R500 000 For JZ’s Ear

by Sep 21, 2010All Articles

By Dominic Mahlangu, Noipone Malefane and Chandre Prince

Business leaders shell out millions to sit with top brass prior to ANC meeting

Mining magnate Patrice Motsepe outbid everyone to secure a seat at President Jacob Zuma’s table at last night’s gala dinner ahead of the ANC’s national general council.

The dinner, at the International Convention Centre in Durban, saw ANC heavyweights ranging from Cabinet ministers to premiers and directors-general share tables with business executives.

The Times understands guests had to fork out R500 000 to secure a seat at the president’s table, but this was no problem for Motsepe and his top executives at African Rainbow Minerals.

Tables with other members of the Cabinet cost more than R100 000, but there was no shortage of takers among the scores of “captains of industry and commerce” at the fundraising function. The Guptas — the wealthy business family with close links to Zuma — sat with former minister in the presidency Essop Pahad and businessman Sandile Zungu.

Zuma used the occasion to urge business to continue funding the ANC, saying the party was pivotal to economic stability and democracy in the country.

“There is therefore nothing wrong with the business sector investing in any party,” he said. ‘‘However, wise business sense tells you that investing in the ANC, which is supported by more than 65% of the population, is good value for your money!”

Zuma said that as much as business would invest in building infrastructure or human resource development, investing in democracy was also healthy as it provided a stable environment in which to do business.

Zuma highlighted the importance of the national general council — the ANC’s five-day policy review meeting — ahead of the party’s
centenary celebrations in 2012, saying the party had to ensure it was “strong, united and focused on achieving its mission of uniting the people of this country and to create a better life for all”.

ANC members from around the country have gathered in Durban, with Zuma under pressure to speed up services to the poor and knives sharpening for youth league president Julius Malema.

The ANC and its alliance partners, Cosatu and the SACP, have asked delegates to focus on policy issues and not leadership squabbles.

But according to a Sunday Times report, the party’s provincial chairmen have had to step in to save Zuma from a humiliating challenge to his leadership.

The move reportedly came after Cosatu general secretary Zwelinzima Vavi blasted the ANC leadership for having “no backbone ” in dealing with Malema.

“All we want them to do is to have a backbone and implement the Polokwane resolutions. When are we going to do away with labour brokers?

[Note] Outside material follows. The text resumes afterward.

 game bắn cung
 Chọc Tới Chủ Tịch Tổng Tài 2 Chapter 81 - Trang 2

This paralysis which is caused by young kids must come to an end,” Vavi said at a Cosatu rally in East London on Saturday.

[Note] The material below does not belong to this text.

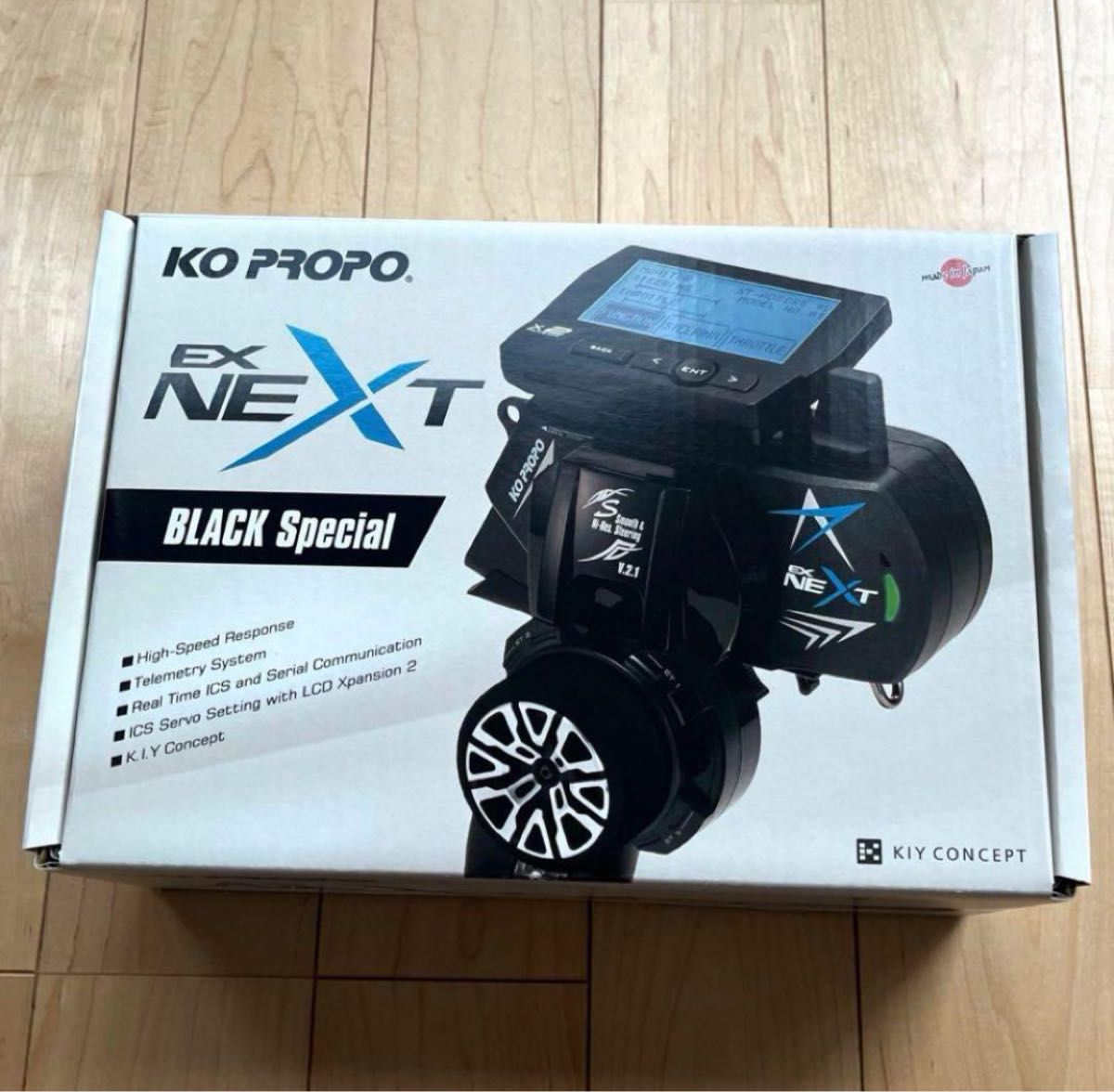 tELrK① 新品未使用 KOプロポ LDT EX-NEXT ブラックSP KR-420XT tELrK① 新品未使用 KOプロポ LDT EX-NEXT ブラックSP KR-420XT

Analyst Thabo Rapoo of the Centre for Policy Studies said the NGC could be a “window ” into what would transpire at the ANC’s elective congress in 2012.

“We have seen President Zuma’s support waning in the past months,” Rapoo said. “This NGC could very well give a window into what is to come in 2012.” During a strike by 1.3 million Cosatu-affiliated publicservice workers in August, Zuma received a string of insults about his three wives, his new fiancée and an illegitimate child he fathered earlier this year.

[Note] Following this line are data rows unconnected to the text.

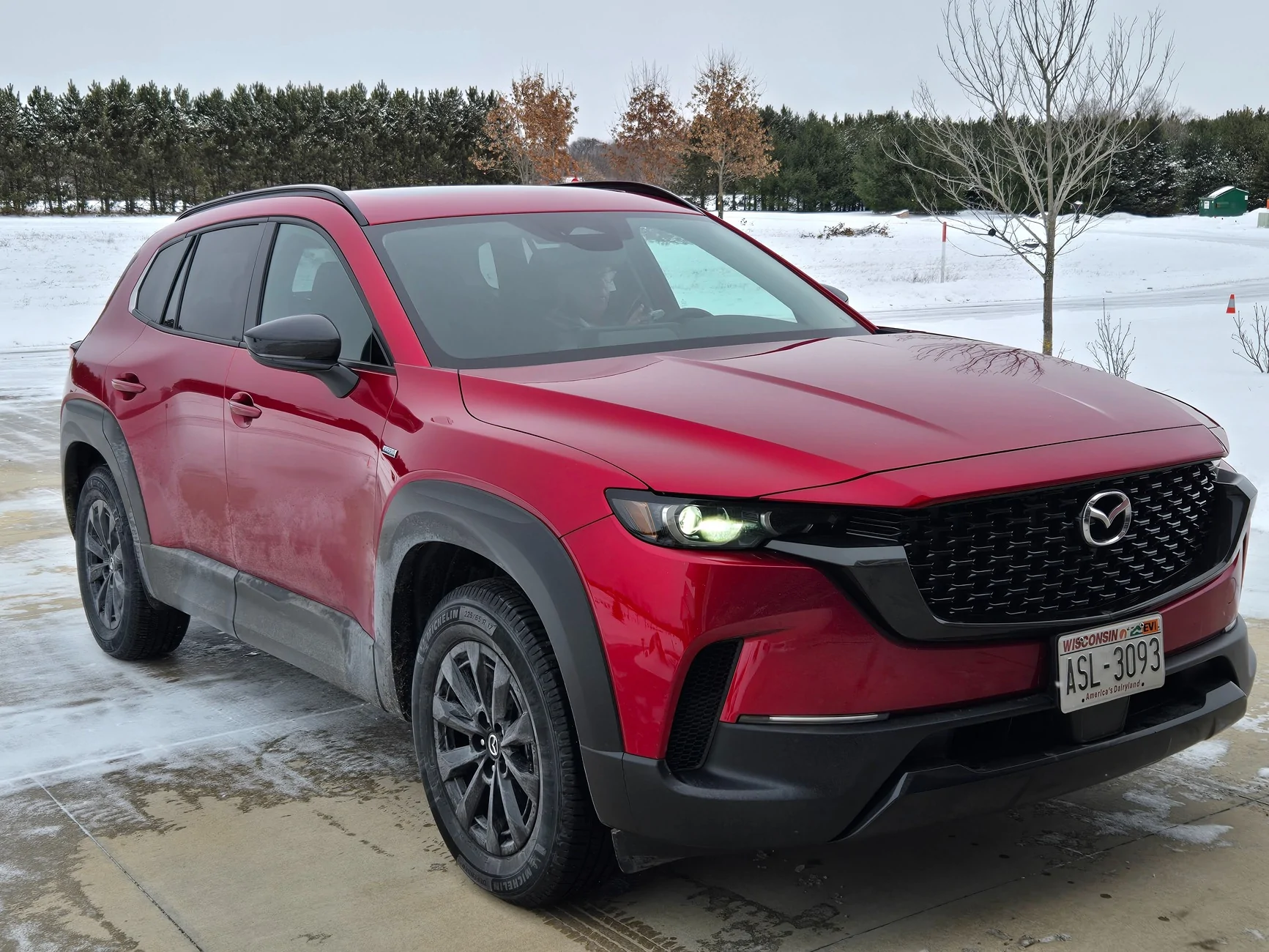 2024 Tacoma Tested: Best All-Terrain A/T Tires in Snow & Ice 20260101_115255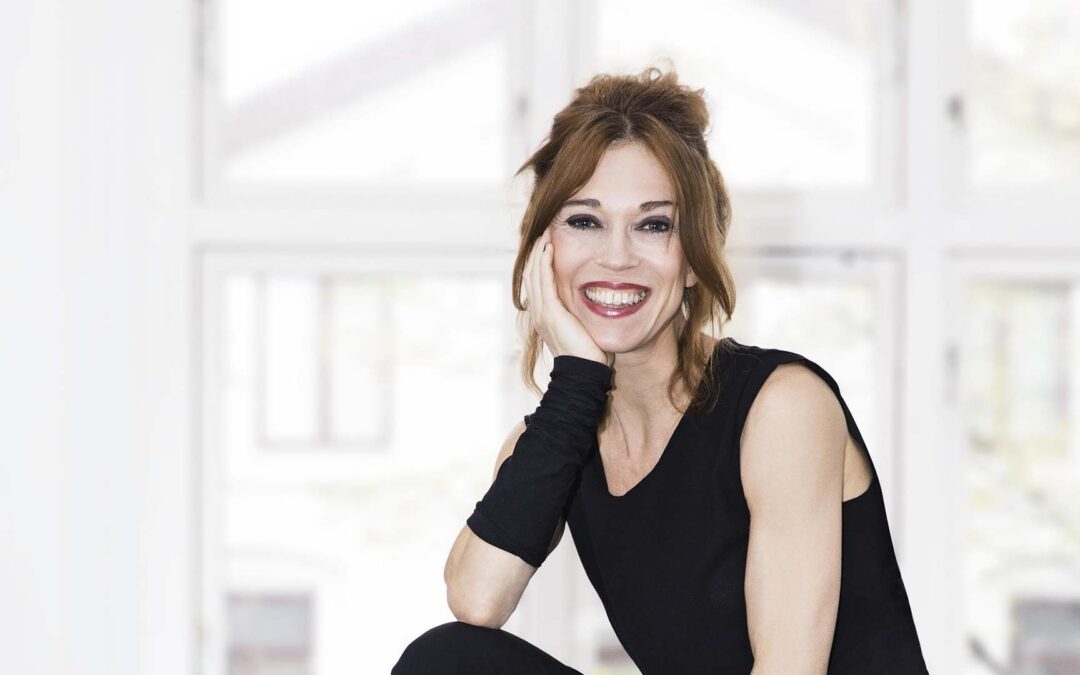 Solo klaverkoncert med Katrine Gislinge i Nordfalsters Koncerthus 13. maj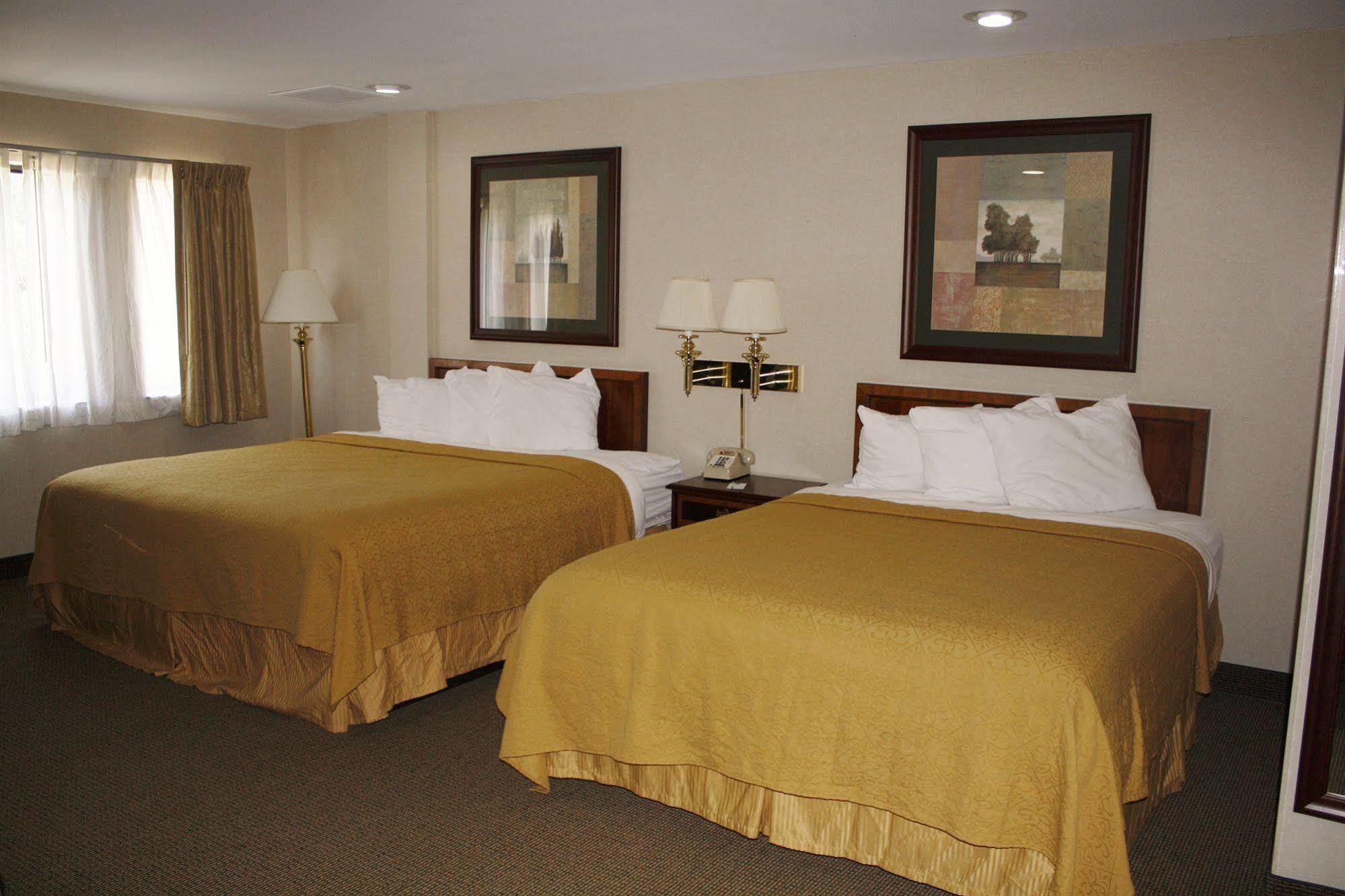 Quality Inn Plainfield I-395 Exterior foto
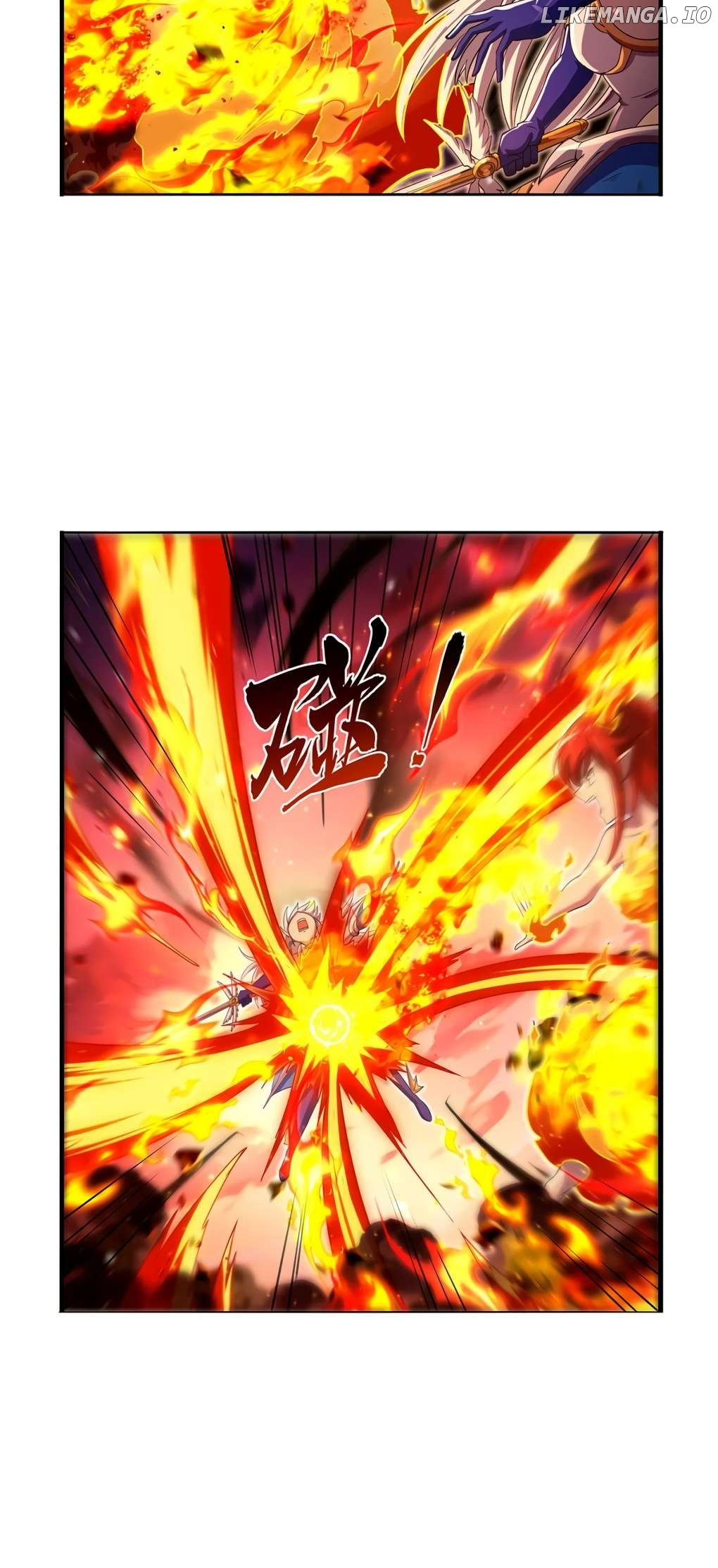 The Demon King Who Lost His Job Chapter 418 - page 23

He has also been under attack by Malema, who at a rally in the Free State last week, urged his members not to follow the example of leaders who took more than one wife. Malema’s comments followed his suggestion that Zuma’s family was amassing wealth, while the poor majority continued to suffer. His comments apparently angered senior ANC members, with the party’s top structures desperate to throw him out. Rapoo said ambitious ANC members, such as Malema, would use the NGC as a lobbying ground to garner support and test policies ahead of 2012. “It will be a testing ground, an opportunity midway from the 2007 conference in Polokwane, for the party’s ambitious future leaders to test their support among the ANC’s key constituencies and to start the party’s next leadership contest,” he said.

For business, the key topic at the NGC will be the call by Cosatu and the youth league to nationalise mines. Cosatu has said the government has been too soft on the mining sector, which has failed to reach transformation targets set out in a 2004 charter. The charter requires companies to sell 15% of their South African assets to black investors by the end of 2009, and 26% by 2014, but so far only 8.9% of mining assets are black-owned. Cosatu has said it will push for a range of other left-leaning economic policies at the NGC, including creating a state-owned bank to cater for the poor, nationalising vital sectors, a more progressive tax system, and abolishing inflation targeting.

Economists have warned that the government does not have the capacity to run a new state-owned entity to oversee nationalised sectors, and that dropping inflation targeting will push inflation higher.

The mining sector pays R32-billion in direct taxes and a large portion of indirect taxes, accounting for 17.3% of total company tax.